The workshop consisted of a presentation, by members of Mount Vernon High School's Student2Student program, which reflected the experiences of military children. There was also a presentation from the U.S. Army Recruiting Command on post-secondary planning for military children.
Breakout sessions covered topics ranging from understanding the military child, to post-traumatic stress disorder, to resiliency training.
"The whole premise behind the workshop is that there are other training opportunities for educators from military organizations, but they were always geared towards general issues," said Mary Jo Chapman, CYSS School Liaison Officer. "Our focus for the workshop is on Fort Belvoir and the National Capital region and what we can do to support our military Families and the unique issues they are forced to handle."
The Student2Student members talked about the feelings they experienced the first time their mother or father told them they were being deployed and that they feared for their parent's safety. They also shared how their neighbors and grandparents, in some cases, supported them during the deployment.
Having to endure multiple moves and making new friends was also discussed by the Student2Student members.
"We have to constantly make new friends and learn different areas," said Brandon Young, 17, Mount Vernon High School senior who has moved seven times. "We have to get used to how people act around us, because some people act different in different areas towards military kids."
Though the constant moving is tough, it builds resiliency as the children have to learn the new environment they are in and the attitudes of their new classmates, said Brittany Dixon, 16, Mount Vernon High School Sophomore who has moved nine times.
"I think they've shaped me into a stronger person," Dixon said of the multiple moves. You have to be able to adapt to a new environment, let your wall down and let people in, so you can make new friends quicker."
U.S. Army Recruiting Command, Potomac Recruiting Company, wanted to advise educators on how the Army has tightened its requirements for admission.
People looking to enlist who have a General Equivalency Diploma (G.E.D) now need at least one semester at a community college before they are allowed to go to boot camp. The semester must be a full 15-hour semester.
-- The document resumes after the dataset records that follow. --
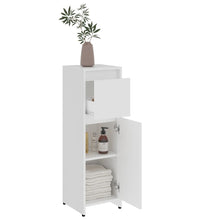 Badezimmerschrank Weiß 30x30x95 cm Holzwerkstoff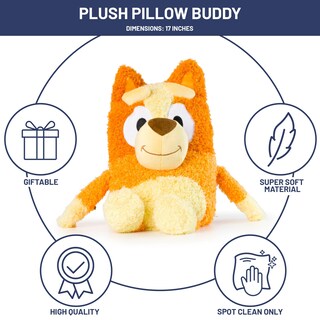 Foto 2 | Foto 2 | Almohada De Felpa Buddy Jay Franco Bluey Bingo 43 Cm Naranja - Venta Internacional.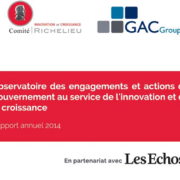 Rapport 2014 de l’Observatoire des actions du Gouvernement en faveur de l’innovation - GAC GROUP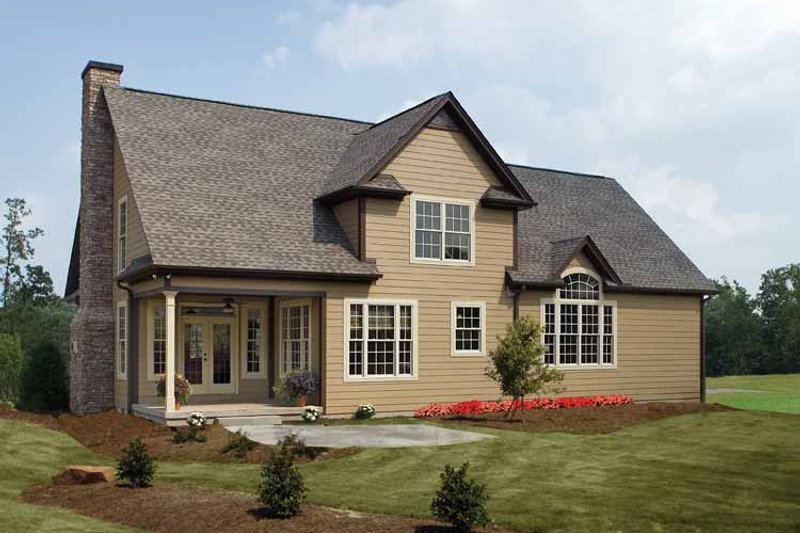 Home Plan - Exterior - Rear Elevation for Country House Plan #929-634 - 3 bed, 2.5 bath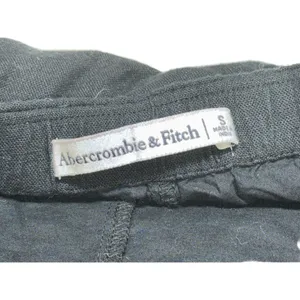 NEW Abercrombie & Fitch Black Linen Cotton Zip Skirt Shorts Skorts Womens Size S thumbnail 3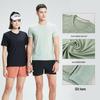 Quick-Dry Cool Short Sleeve Fitness Running T-Shirt - Breathable, Loose Crew Neck for Outdoor Sport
"The Army is downsizing, so we're trying to find the best qualified men and women to serve (using) their education level, fitness level and (those) who are morally and ethically qualified," said Capt. Rusty Mason, U.S. Army Recruiting Command, Potomac Recruiting Company commander. "From what I have found, the better they do in school, the more educated they are, the better they are going to be as a Soldier."
For high school freshmen considering a career in the Army, Mason's advice is to do well in school and stay out of legal trouble.
"Come see us when you are 16 and a half," Mason added while laughing.
Chapman and Wendy Strycula mediated the Understanding the Military Child session. They discussed how some military children can have an elevated emotional reaction to situations because of multiple moves or deployments by their parents, and also how those same situations can cause a military child to mature faster and become resilient at a younger age.
"Their experiences are much broader," Strycula said. "Their view is much broader. They can understand differences in other people much better because they've been exposed to those differences."
Strycula shared how her Family have moved 13 times and how she and her husband tried to keep every move fun and positive for their children.
"I think our kids see the moves we've had as an adventure; not necessarily something they dreaded." Strycula said. "We've had mostly positive experiences. I think our kids will say they love being Army kids."
A better understanding of the challenges a military child faces, and the emotions that come with those experiences, can allow educators to have a better relationship with the child and help them to do well in school. Chapman hopes that is the affect the workshop has.
"There are a lot of positive attributes that military kids have. I think recognizing that there are going to be unique challenges they face will help educators relate to them better," Chapman said. "We want the educators to understand those challenges and know where the Families are coming from, so the children can do better in school."